--- AIM OF THE TASK ---
Please write out exactly the lines from the one with "Apartments Dora Banjol Eksteriør bilde" through the end of the data below, both ends included, and omit any pictures.

--- STORED DATA ---

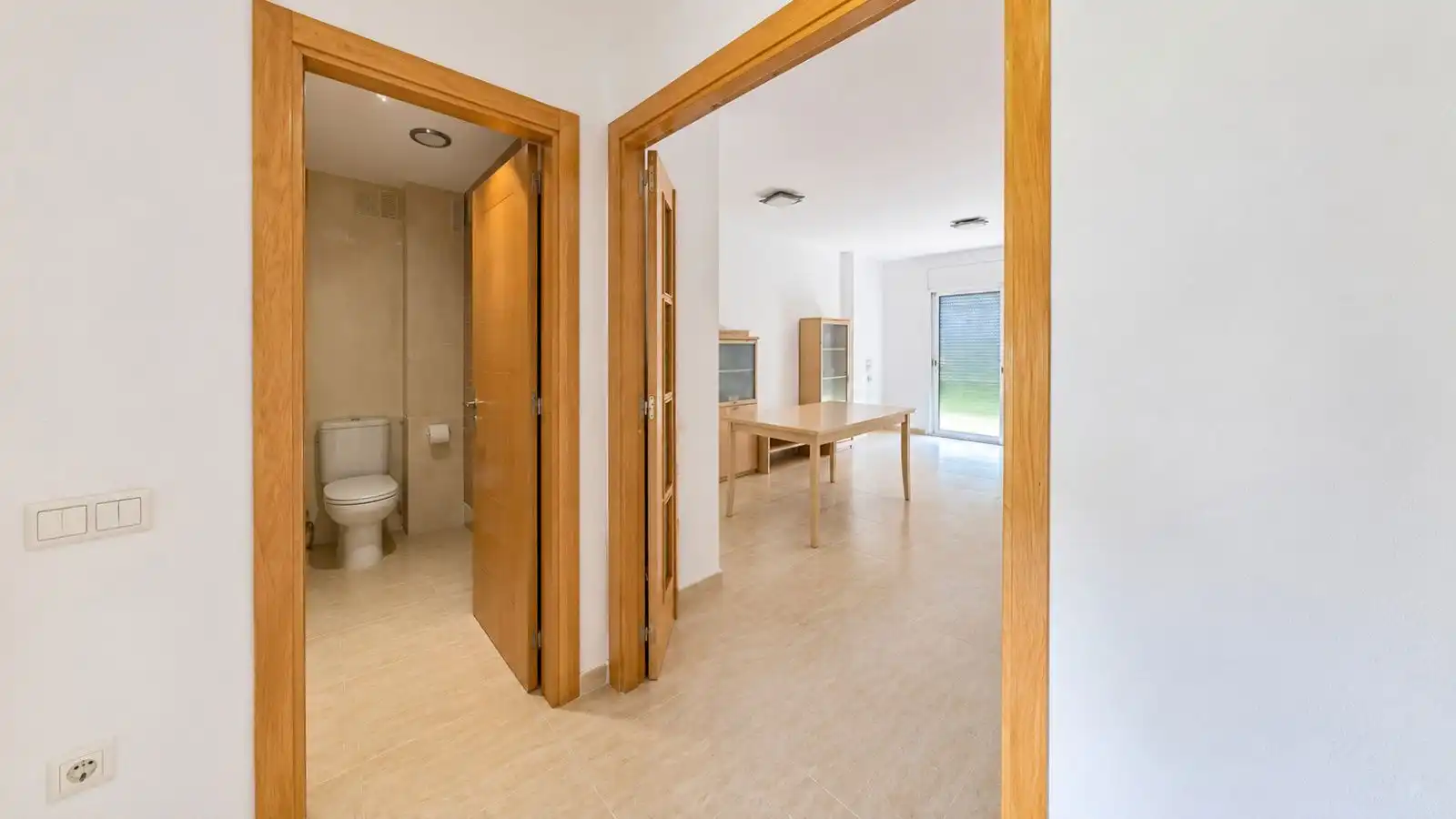 Wohnung zum Verkauf in Roda de Berà mit Terrasse, Schwimmbad und Gemeinschaftspool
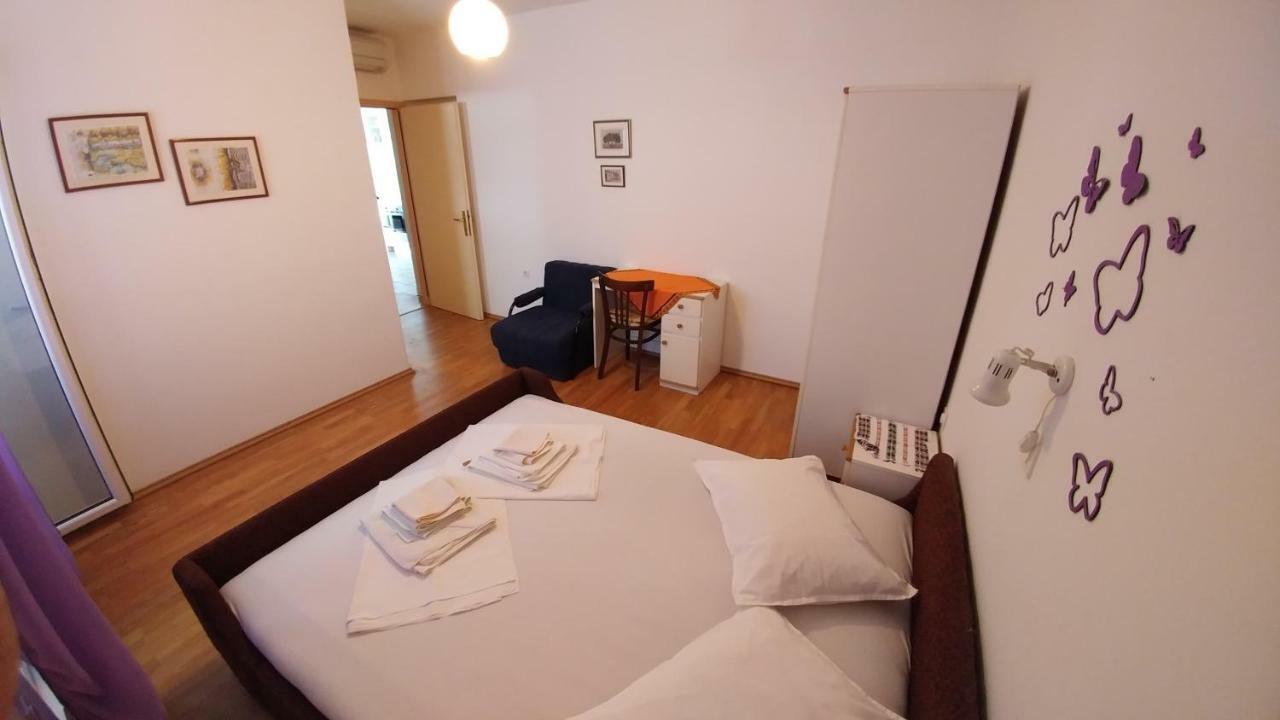 Apartments Dora Banjol Eksteriør bilde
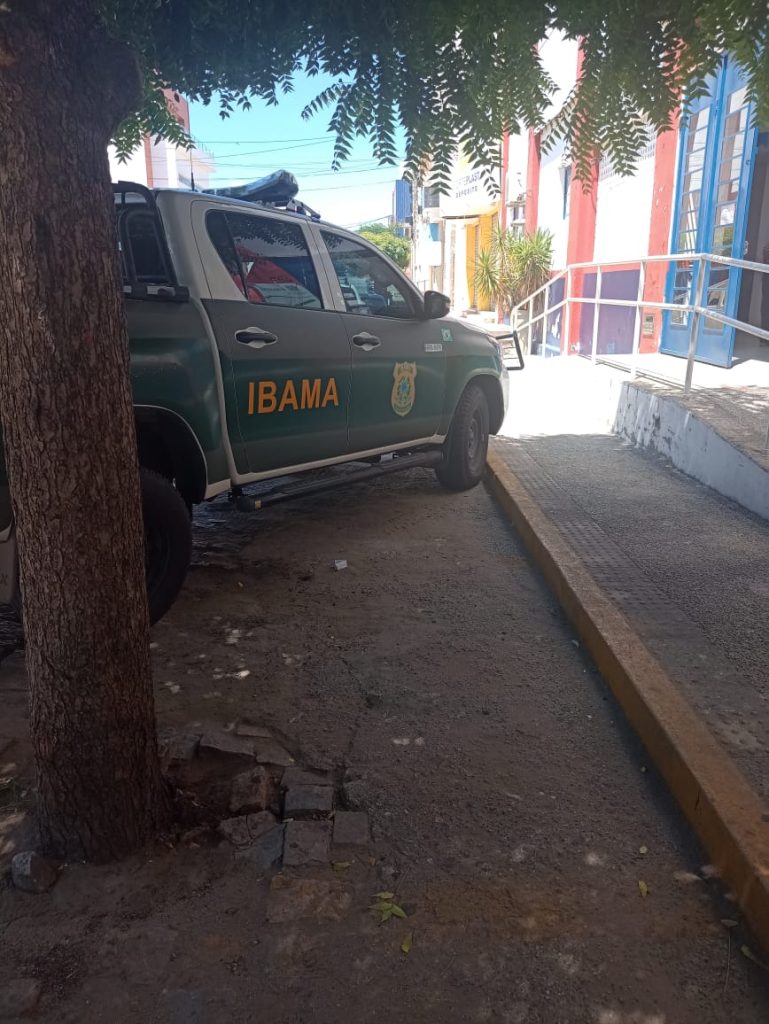 Carro oficial do Ibama é notificado pela PRE por estacionamento transversal no centro de Caicó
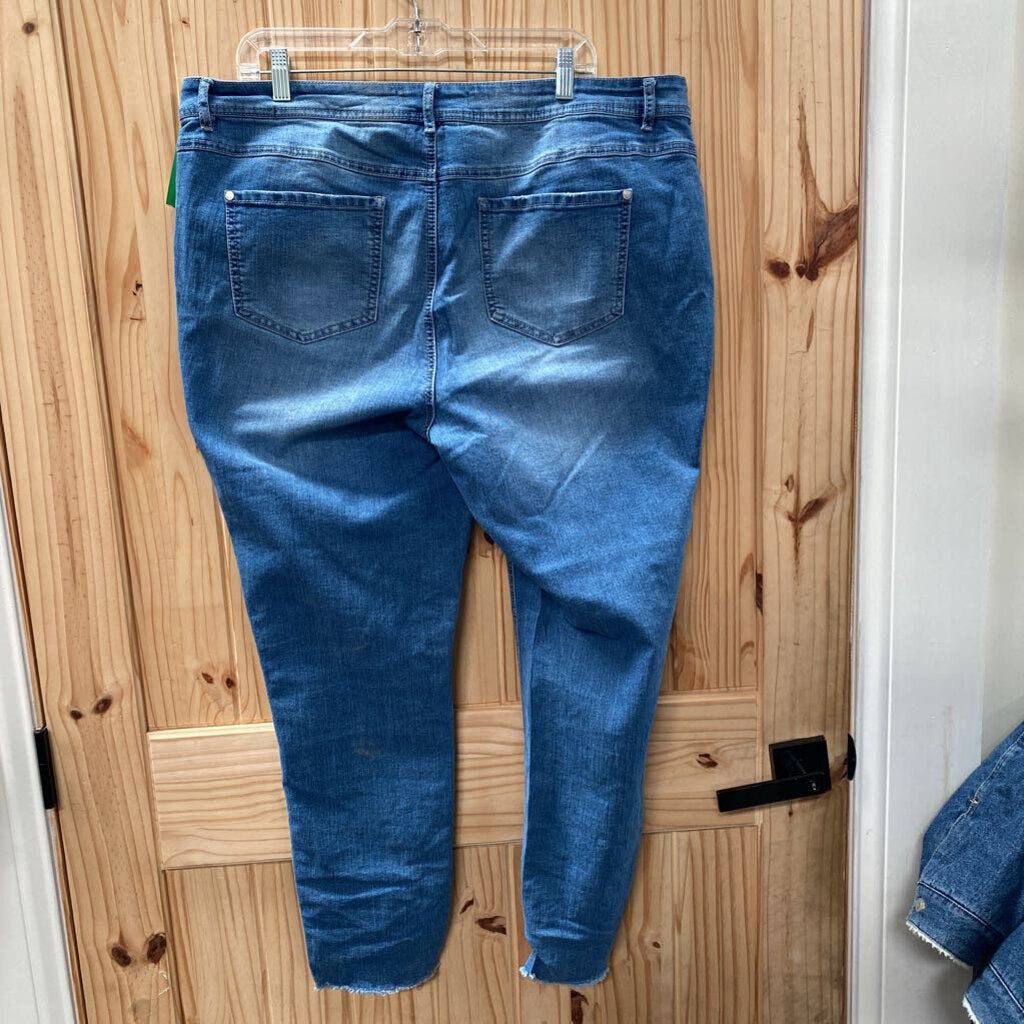 WOMENS EST. 1946 DENIM JEANS W/GEMS 18W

--- TASK RESULT ---
 Apartments Dora Banjol Eksteriør bilde
 Carro oficial do Ibama é notificado pela PRE por estacionamento transversal no centro de Caicó
 WOMENS EST. 1946 DENIM JEANS W/GEMS 18W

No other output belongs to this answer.